The data Block Start

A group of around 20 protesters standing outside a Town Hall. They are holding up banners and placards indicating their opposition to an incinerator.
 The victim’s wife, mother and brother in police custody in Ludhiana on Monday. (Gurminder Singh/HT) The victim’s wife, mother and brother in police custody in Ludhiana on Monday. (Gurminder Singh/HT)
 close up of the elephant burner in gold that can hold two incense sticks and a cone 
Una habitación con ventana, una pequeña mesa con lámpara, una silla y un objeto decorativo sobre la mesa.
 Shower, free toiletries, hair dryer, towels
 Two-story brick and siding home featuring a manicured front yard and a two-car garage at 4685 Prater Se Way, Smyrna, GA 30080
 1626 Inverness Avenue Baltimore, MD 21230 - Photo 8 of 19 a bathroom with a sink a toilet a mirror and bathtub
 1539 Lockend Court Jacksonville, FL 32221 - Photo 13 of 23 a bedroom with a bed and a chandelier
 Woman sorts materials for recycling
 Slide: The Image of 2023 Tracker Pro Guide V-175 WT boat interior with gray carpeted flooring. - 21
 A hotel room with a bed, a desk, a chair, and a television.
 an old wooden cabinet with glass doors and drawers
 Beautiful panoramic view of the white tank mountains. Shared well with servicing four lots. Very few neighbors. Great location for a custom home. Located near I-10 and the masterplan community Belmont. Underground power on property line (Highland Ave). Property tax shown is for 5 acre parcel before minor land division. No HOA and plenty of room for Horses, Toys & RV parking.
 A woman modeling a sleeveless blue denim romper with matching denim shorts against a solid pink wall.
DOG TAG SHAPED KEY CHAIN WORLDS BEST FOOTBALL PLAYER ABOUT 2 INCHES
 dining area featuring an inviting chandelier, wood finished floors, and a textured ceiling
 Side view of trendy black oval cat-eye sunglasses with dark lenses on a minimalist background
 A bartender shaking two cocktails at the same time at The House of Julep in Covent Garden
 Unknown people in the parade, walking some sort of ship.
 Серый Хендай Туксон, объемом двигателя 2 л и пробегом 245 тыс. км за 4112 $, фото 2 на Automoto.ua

The data Block End

▶ Problem
In the listing above, find each line with the word "home" and return it.

▶ Exercise response
 Two-story brick and siding home featuring a manicured front yard and a two-car garage at 4685 Prater Se Way, Smyrna, GA 30080
 Beautiful panoramic view of the white tank mountains. Shared well with servicing four lots. Very few neighbors. Great location for a custom home. Located near I-10 and the masterplan community Belmont. Underground power on property line (Highland Ave). Property tax shown is for 5 acre parcel before minor land division. No HOA and plenty of room for Horses, Toys & RV parking.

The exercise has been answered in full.